**Activity**
Retype the entries. Match them exactly.

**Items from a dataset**
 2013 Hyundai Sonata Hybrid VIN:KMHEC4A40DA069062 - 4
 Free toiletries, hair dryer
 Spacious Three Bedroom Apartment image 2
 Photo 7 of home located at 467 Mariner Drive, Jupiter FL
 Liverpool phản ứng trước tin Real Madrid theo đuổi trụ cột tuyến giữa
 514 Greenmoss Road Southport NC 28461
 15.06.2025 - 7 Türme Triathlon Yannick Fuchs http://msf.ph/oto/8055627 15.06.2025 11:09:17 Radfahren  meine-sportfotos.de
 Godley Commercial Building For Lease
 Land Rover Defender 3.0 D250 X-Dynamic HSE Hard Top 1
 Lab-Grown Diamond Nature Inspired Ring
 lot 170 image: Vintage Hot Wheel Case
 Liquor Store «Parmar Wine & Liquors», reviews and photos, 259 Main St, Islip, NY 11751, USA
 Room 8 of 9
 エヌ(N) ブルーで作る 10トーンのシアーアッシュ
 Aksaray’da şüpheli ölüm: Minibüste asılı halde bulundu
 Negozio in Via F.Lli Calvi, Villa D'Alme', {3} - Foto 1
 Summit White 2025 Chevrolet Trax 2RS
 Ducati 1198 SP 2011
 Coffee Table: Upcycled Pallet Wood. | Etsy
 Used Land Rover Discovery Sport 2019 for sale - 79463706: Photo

**Solved problem**
 2013 Hyundai Sonata Hybrid VIN:KMHEC4A40DA069062 - 4
 Free toiletries, hair dryer
 Spacious Three Bedroom Apartment image 2
 Photo 7 of home located at 467 Mariner Drive, Jupiter FL
 Liverpool phản ứng trước tin Real Madrid theo đuổi trụ cột tuyến giữa
 514 Greenmoss Road Southport NC 28461
 15.06.2025 - 7 Türme Triathlon Yannick Fuchs http://msf.ph/oto/8055627 15.06.2025 11:09:17 Radfahren  meine-sportfotos.de
 Godley Commercial Building For Lease
 Land Rover Defender 3.0 D250 X-Dynamic HSE Hard Top 1
 Lab-Grown Diamond Nature Inspired Ring
 lot 170 image: Vintage Hot Wheel Case
 Liquor Store «Parmar Wine & Liquors», reviews and photos, 259 Main St, Islip, NY 11751, USA
 Room 8 of 9
 エヌ(N) ブルーで作る 10トーンのシアーアッシュ
 Aksaray’da şüpheli ölüm: Minibüste asılı halde bulundu
 Negozio in Via F.Lli Calvi, Villa D'Alme', {3} - Foto 1
 Summit White 2025 Chevrolet Trax 2RS
 Ducati 1198 SP 2011
 Coffee Table: Upcycled Pallet Wood. | Etsy
 Used Land Rover Discovery Sport 2019 for sale - 79463706: Photo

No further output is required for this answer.